Актриса в ответ на мадригал дотронулась своими тонкими злыми губами до белой гвоздики и послала цветок с лакеем Батурину. Тот низко поклонился, и Варя заметила, как у него дрожали руки, он даже не мог сам вдеть гвоздику в петлицу. Варя помогла ему.
— Спасибо, милая, спасибо. Прости… — пробормотал он, и в его голосе была такая растерянность. Он стал тих и задумчив, только пил за стаканом стакан.
Становилось все душнее и угарнее.
Актриса уехала со своей свитой. Кто-то танцевал танго, где-то спорили все возбужденнее.
Батурин отошел от Вари. Она видела несколько раз в толпе его лицо, но вдруг, будто острая игла, вонзилось в сердце внезапное беспокойство, и она вышла из шумной залы в полутемную переднюю и потом на холодную лестницу, едва освещенную из высокого окна бледным туманным рассветом.
Батурин стоял около самой двери, прислонившись головой к стене.

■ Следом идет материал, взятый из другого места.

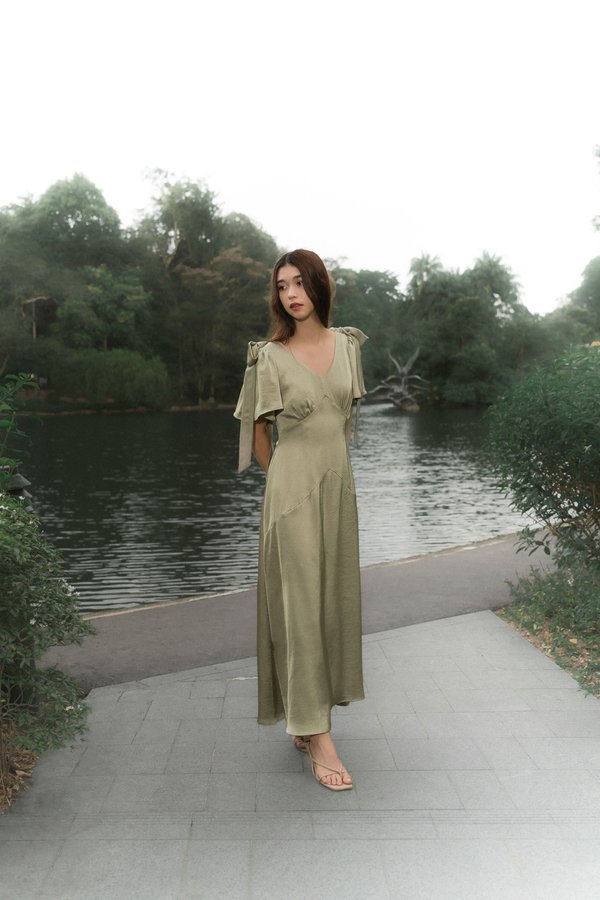 Enchanted Ribbon Dress (Moss Green)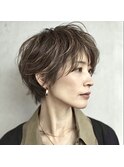 ミセスショート×白髪ぼかしカラー３０代４０代５０代６０代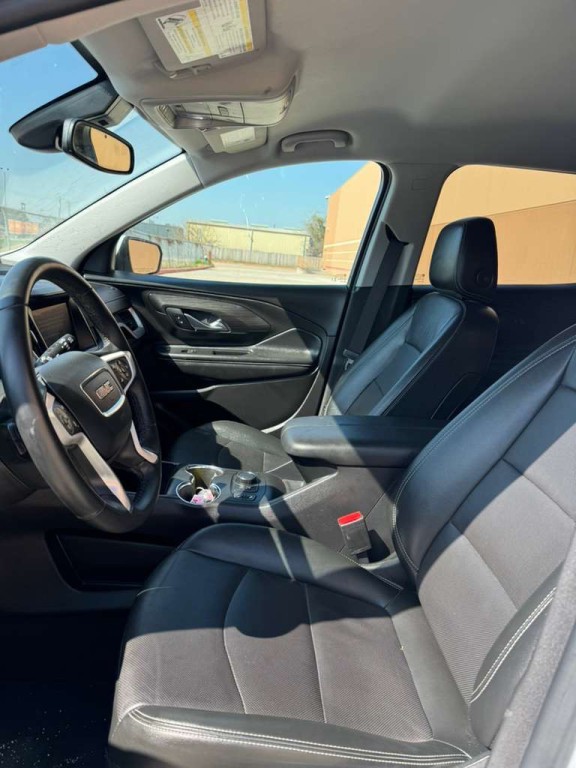 2024 GMC Terrain Image 9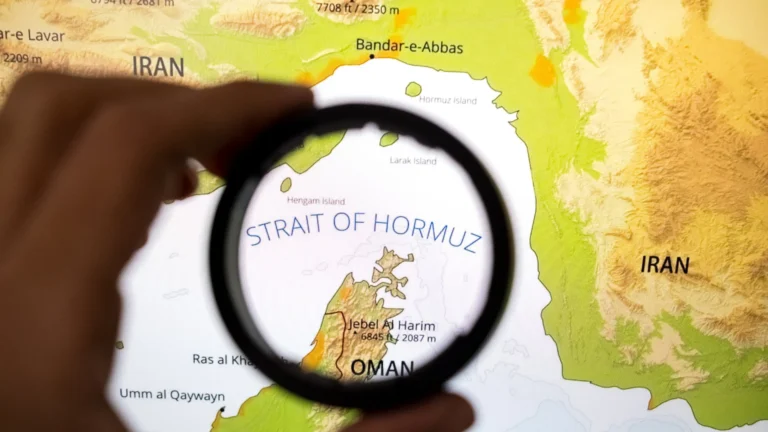 Dezenas de navios-petroleiros ficam parados com fechamento de Hormuz e guerra no Irã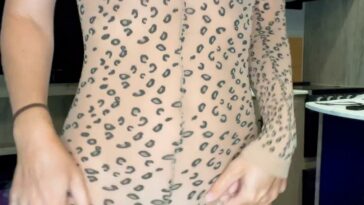 Vicky Stark Nude Leopard Print Try On Onlyfans Video Leaked - Influencers GoneWild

Лицо его было в этих серых сумерках белей гвоздики, подаренной знаменитой актрисой.
— Миша! — крикнула Варя. — Миша!
И сама, еще не зная, не понимая, схватила крепко его руку, в которой поблескивал какой-то маленький странный предмет.
— Что с тобой, Варенька? — услышала она голос Батурина и, очнувшись, увидела, что сидит рядом с ним на диванчике и крепко держит его за руку.
Какая-то седая дама удивленно перевела лорнетку с картины на Варю.
— Ты ужасно нервная, Варенька. Разве это хорошо? Особенно для сестрицы! — говорил Батурин, нежно и успокаивающе поглаживая Варину руку.
— А какое солнце-то сегодня. Весна. Как хорошо!
Он подвел Варю к окну и, все еще держась за руки, они присели на низкий подоконник.